● **Task data**

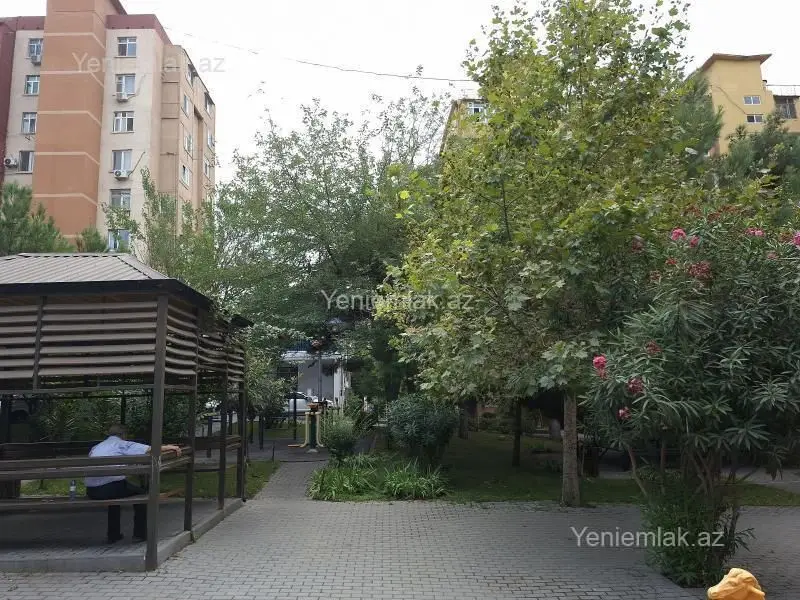 210 000 AZN - 3 otaqlı mənzil Satılır, Nizami, Bakı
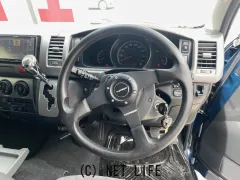 トヨタ ハイエースバン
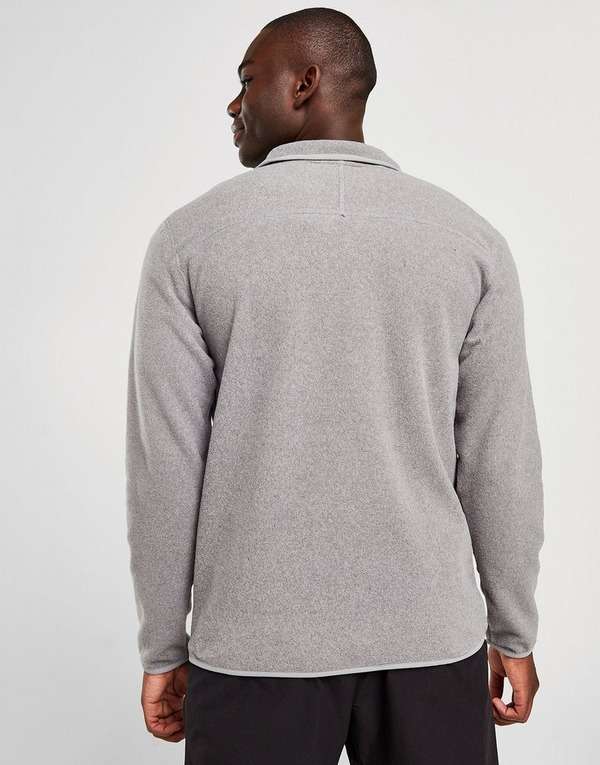 The North Face Glacier 1/4 Zip Top - Only Small Left - £20 Free Collection @ JD Sports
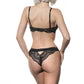 Jolidon The Lover Balconette Bra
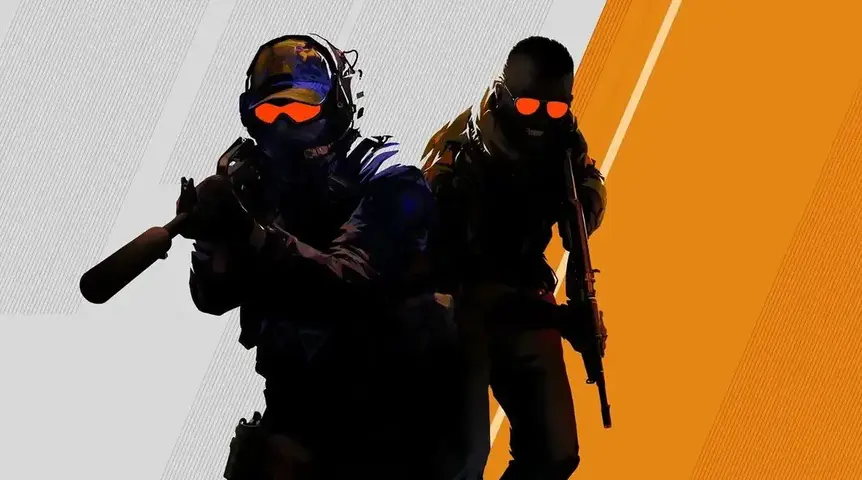 Das neueste Update für Counter-Strike 2 unterstützt Linkshänder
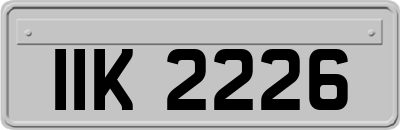 IIK2226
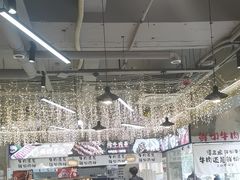 -谭三娘鲜切牛肉自助火锅(九眼桥总店)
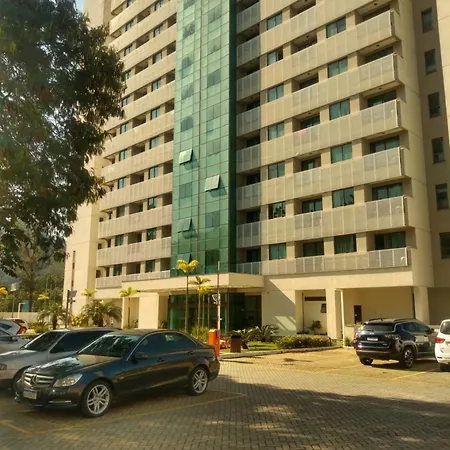 Samba Rio - Farmasi Arena - Rio Centro - Parque Olímpico - Barra - 1514-2
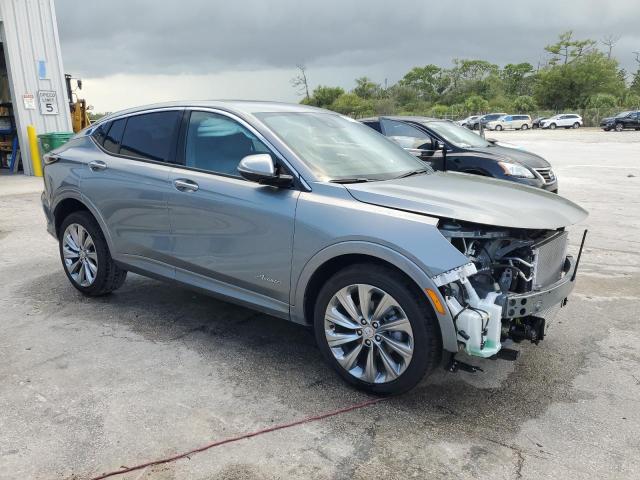 صورة رقم 4 من المزاد - 2025 BUICK ENVISTA AV مع VIN KL47LCEP6SB066485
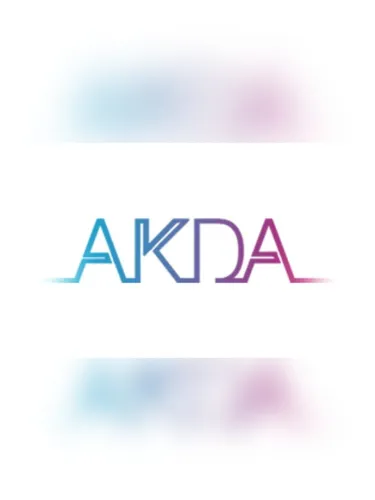 Portada de Akda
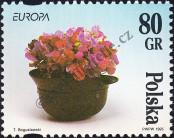 Stamp Poland Catalog number: 3534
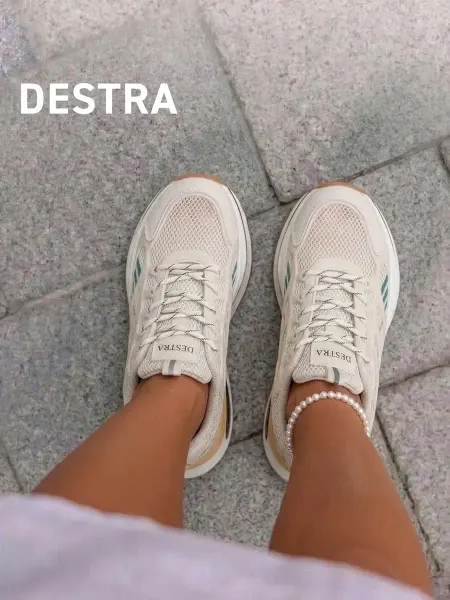 Destra Кроссовки женские спортивные
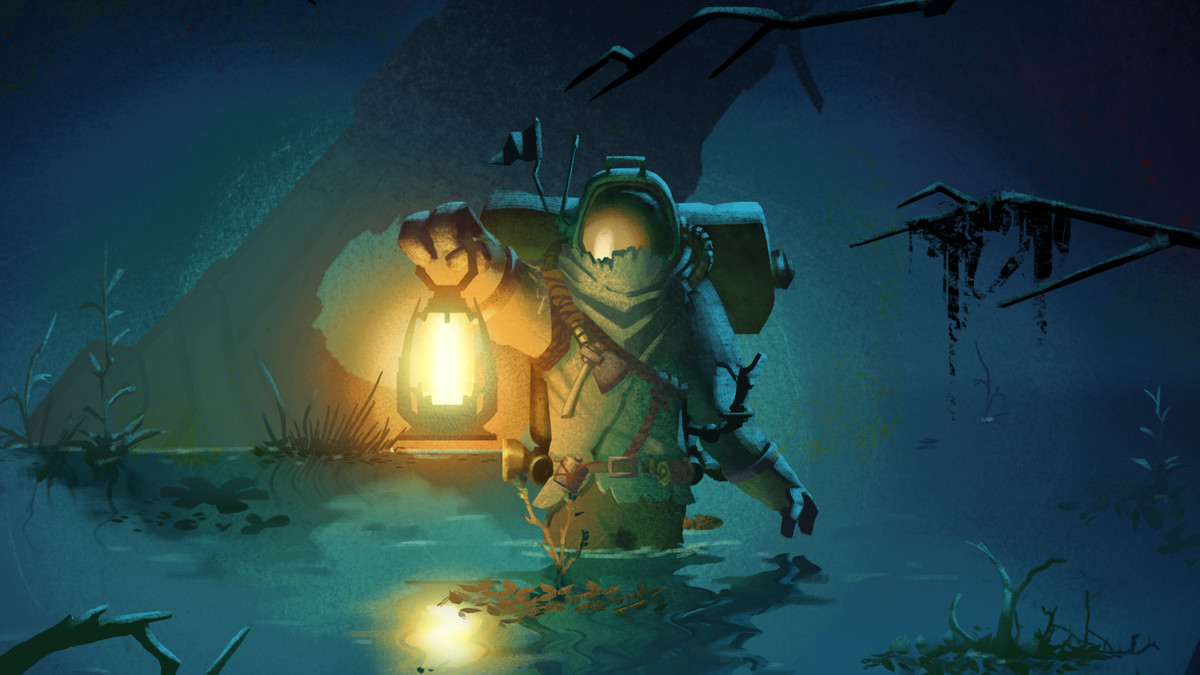 REVIEW: Outer Wilds expansion is a breathtaking experience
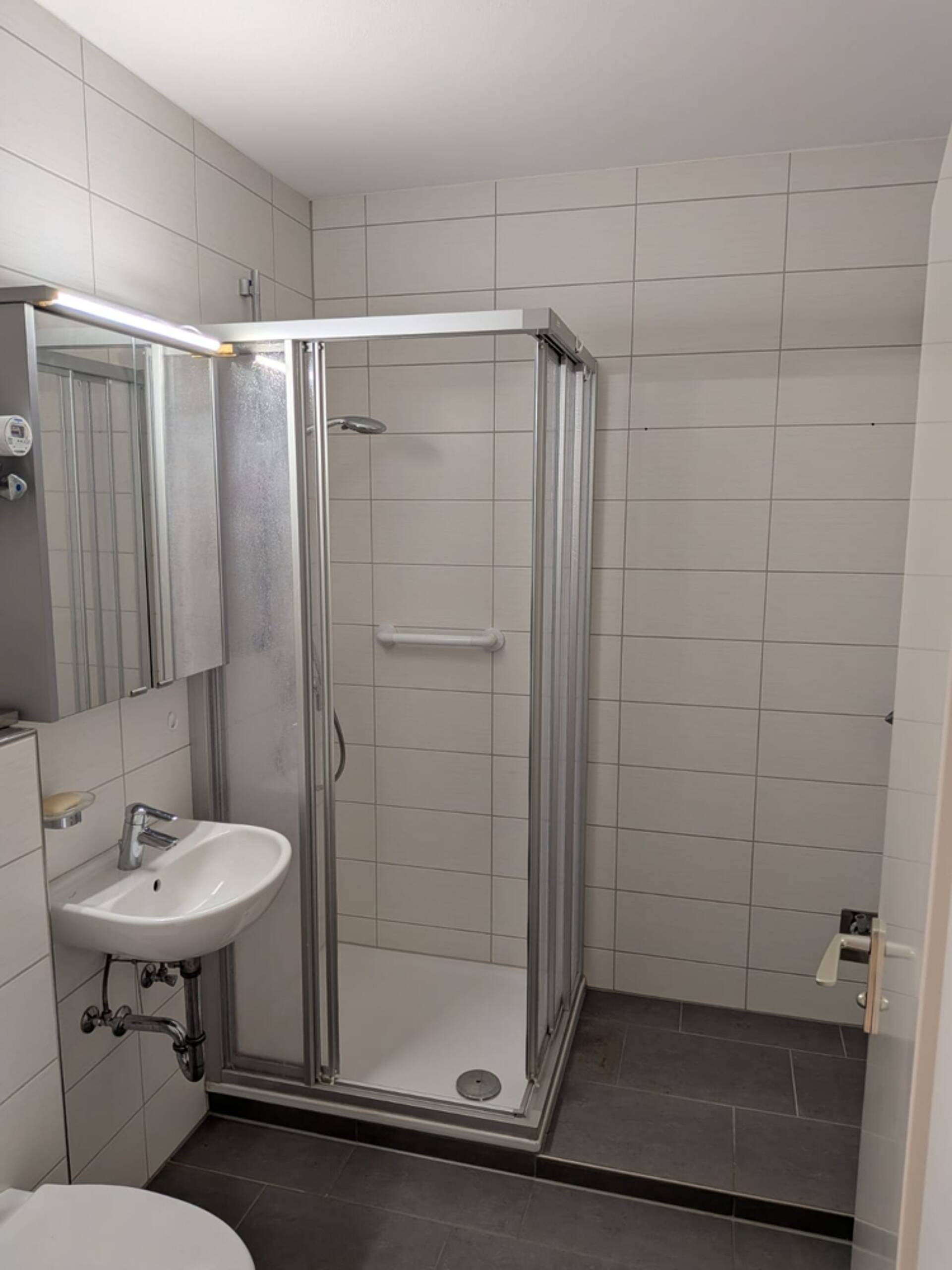 Etagenwohnung in 78532 Tuttlingen mit 53,17 m² kaufen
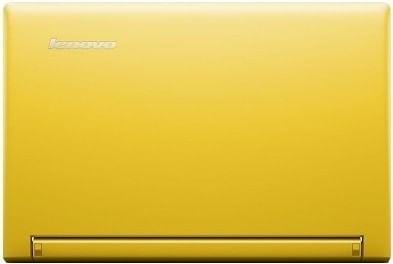 Lenovo Ideapad Flex 2-14 Notebook (4th Gen Ci3/ 4GB/ 500GB/ Win8.1/ Touch) (59-429518)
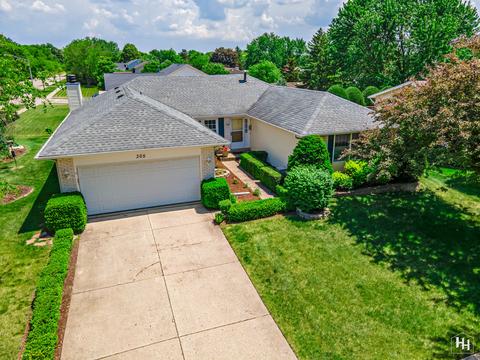 305 Partridge Ct, Algonquin, IL 60102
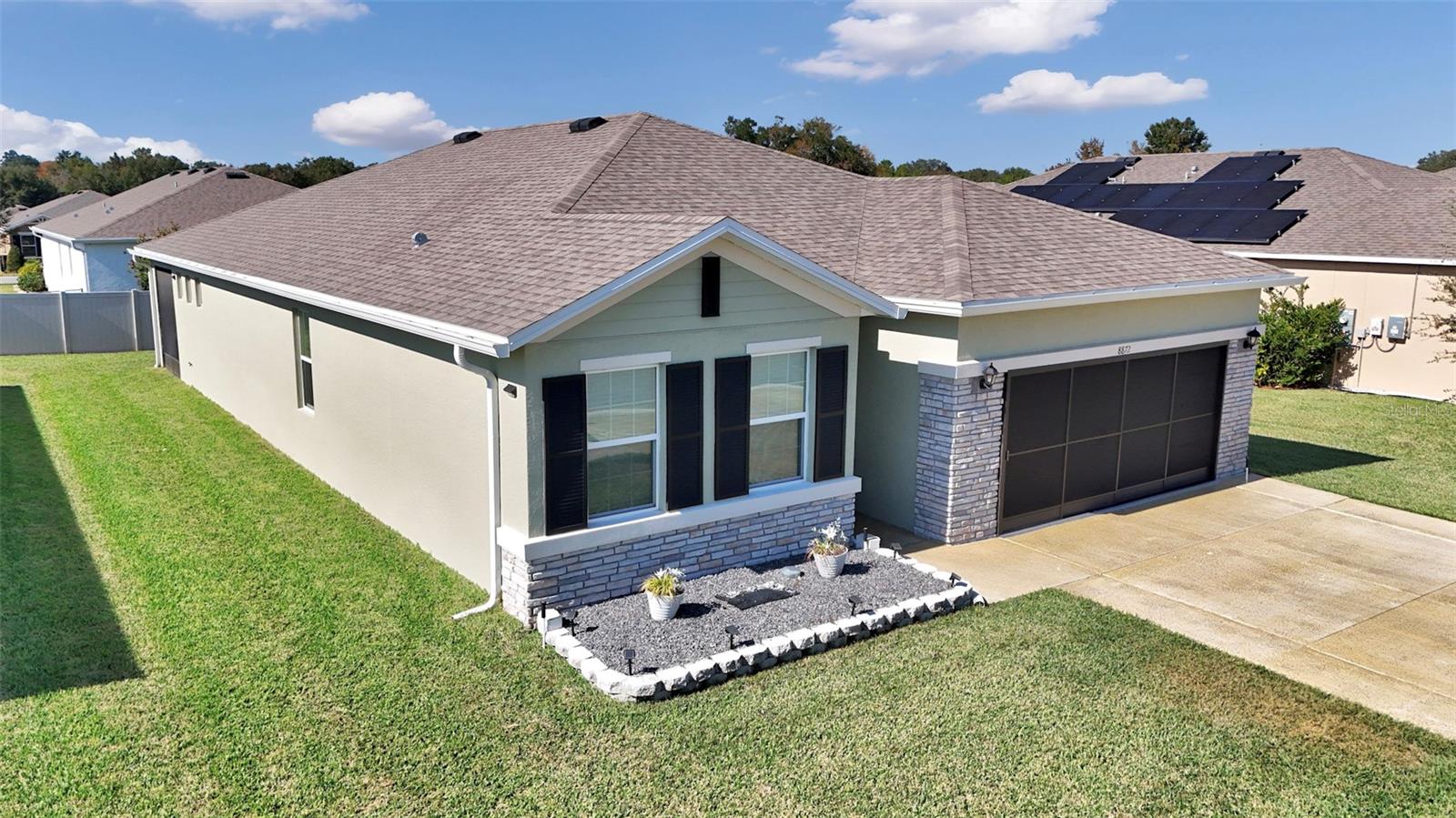 JB RANCH PH 01 - Residential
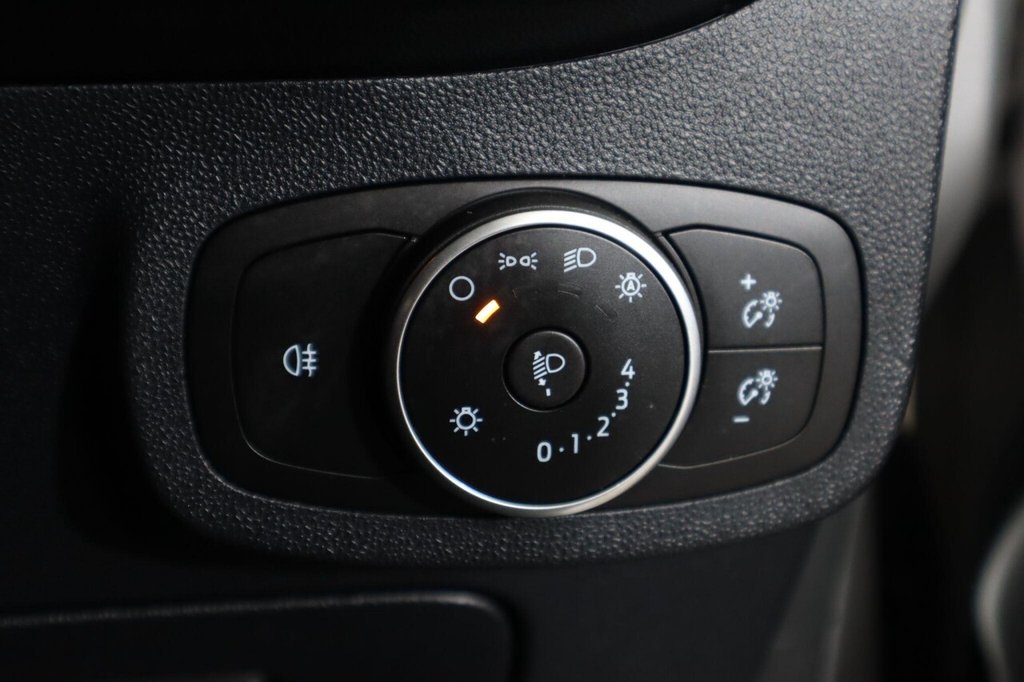 Used Ford Fiesta 2022 for sale - 76356858: Photo 23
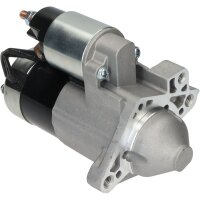 HC-Cargo F 032 115 640 Starter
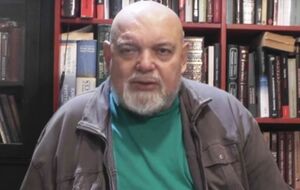 Гейдар Джемаль: Наступление на турецкую границу встретило столь жесткий отпор и столь крупные потери, что с 27 февраля ВКС РФ в сирийском небе не летают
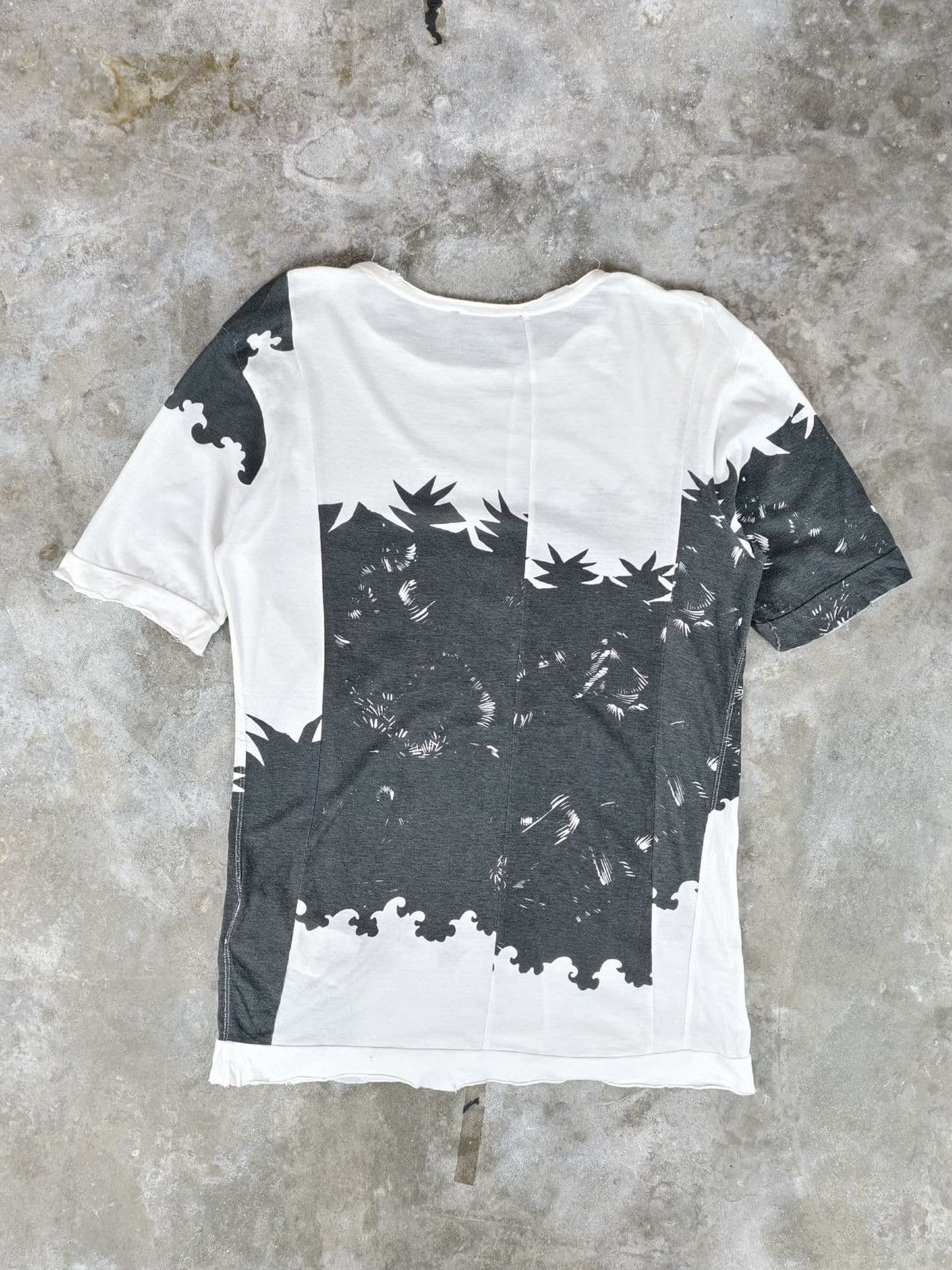 Diesel Diesel Black Gold T-Shirt Size US XS / EU 42 / 0 - 2 Thumbnail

● **How to complete this task**
Write down exactly what the lines above say, from the line holding "-谭三娘鲜切牛肉自助火锅(九眼桥总店)" through the line holding "Lenovo Ideapad Flex", and nothing more. Do not copy the pictures.

● **Written response**
 -谭三娘鲜切牛肉自助火锅(九眼桥总店)
 Samba Rio - Farmasi Arena - Rio Centro - Parque Olímpico - Barra - 1514-2
 صورة رقم 4 من المزاد - 2025 BUICK ENVISTA AV مع VIN KL47LCEP6SB066485
 Portada de Akda
 Stamp Poland Catalog number: 3534
 Destra Кроссовки женские спортивные
 REVIEW: Outer Wilds expansion is a breathtaking experience
 Etagenwohnung in 78532 Tuttlingen mit 53,17 m² kaufen
 Lenovo Ideapad Flex 2-14 Notebook (4th Gen Ci3/ 4GB/ 500GB/ Win8.1/ Touch) (59-429518)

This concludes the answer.